Directgov was also available through analogue teletext pages as well as digital interactive television on Freeview channel 106 until 1 July 2010, Sky until 22 December 2010 and Virgin Media until 31 March 2011.

Directgov also provided a service that covered country-wide customised maps for blue badge holders, In addition to council policies, this service also would pinpoint the location of features specific to the disabled community.

===Social media and article comments===
Directgov was active on Twitter, Facebook and YouTube.

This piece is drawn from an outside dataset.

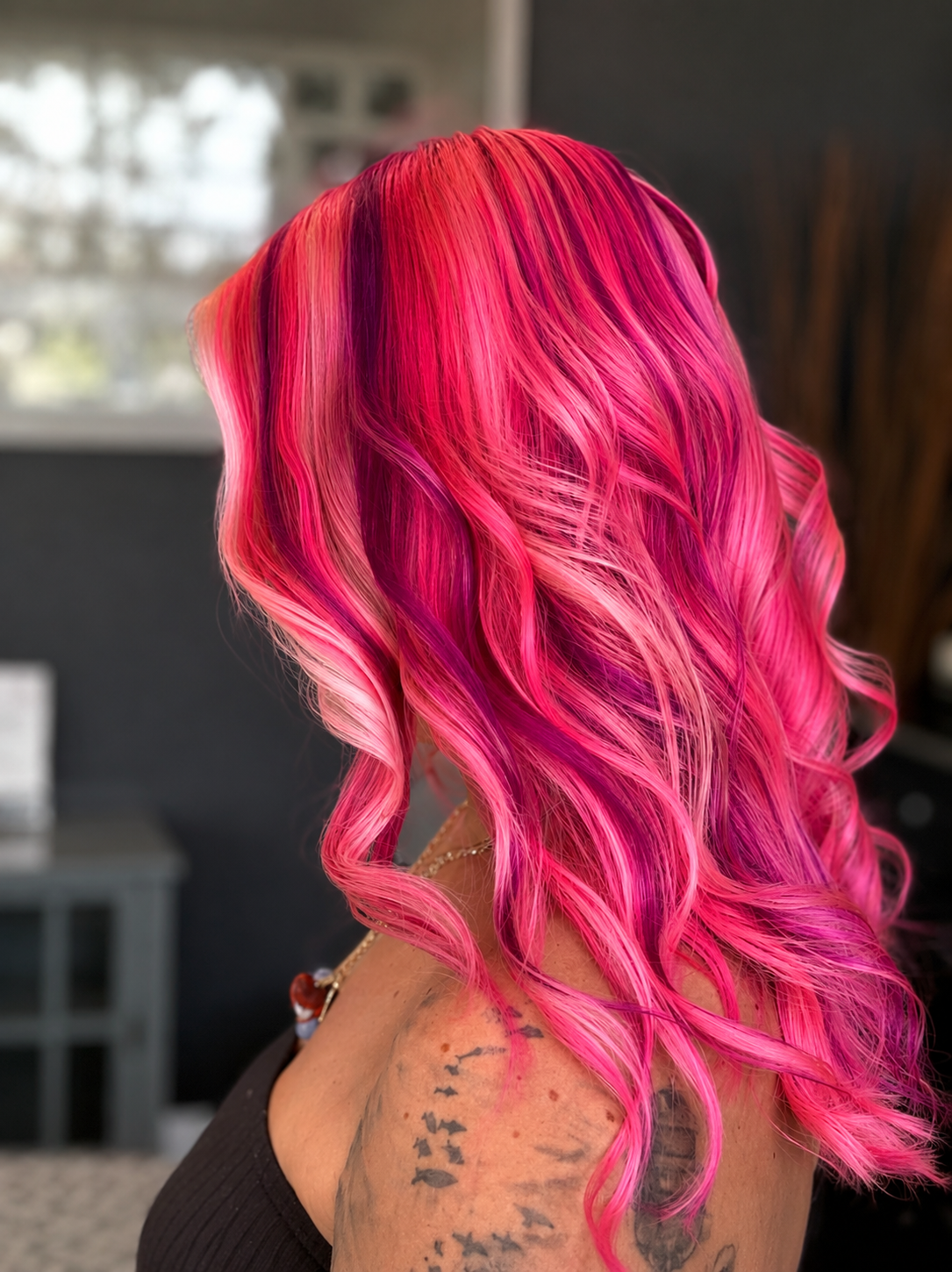 Side view of a woman with long, curly hair dyed in shades of pink and red, with tattoos on her shoulder and arm, in an indoor setting.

In April 2010 Directgov launched a "Comment on this Article" feature on each page allowing users to give articles one of five ratings ranging from "Very useful" to "Not at all useful". Users could also leave comments of up to 500 characters about how a page could be improved, but were asked not to include any personally identifiable information. Directgov collected the data from the comments feature for use in customer insight and product improvement, and published an overview of monthly ratings online.

==Criticism==
In 2005, several internet activists affiliated with mySociety wrote Directionlessgov.com to demonstrate that they could build something better in under an hour, by using a simple web page that linked to the Google search engine. Directionlessgov was later upgraded to compare the results of Directgov's own search engine with the Google results side by side. In discussion, one of the authors wrote:

To me the [point we are] making is not that direct.gov should be licensing Google's search... it is that direct.gov should not exist at all - in practice everybody types what they want to do into Google. With the budget saved... instead optimise text and titles on government websites i.e. do some Search Engine Optimisation. Run user tests to find the terms that people search for when wanting to do things that government can help them with. Arrange that Google, Yahoo! and MSN searches for those terms take them to the correct site.

In an interview with The Guardian newspaper in August 2007, the Chief Executive of Directgov, Jayne Nickalls, responded:

Directionless does work a lot of the time. But it misses the point that Directgov joins up information for the citizen in a way that they understand. If you do a Google search you will get the information from a number of places and the citizen has to do the linking up for themself.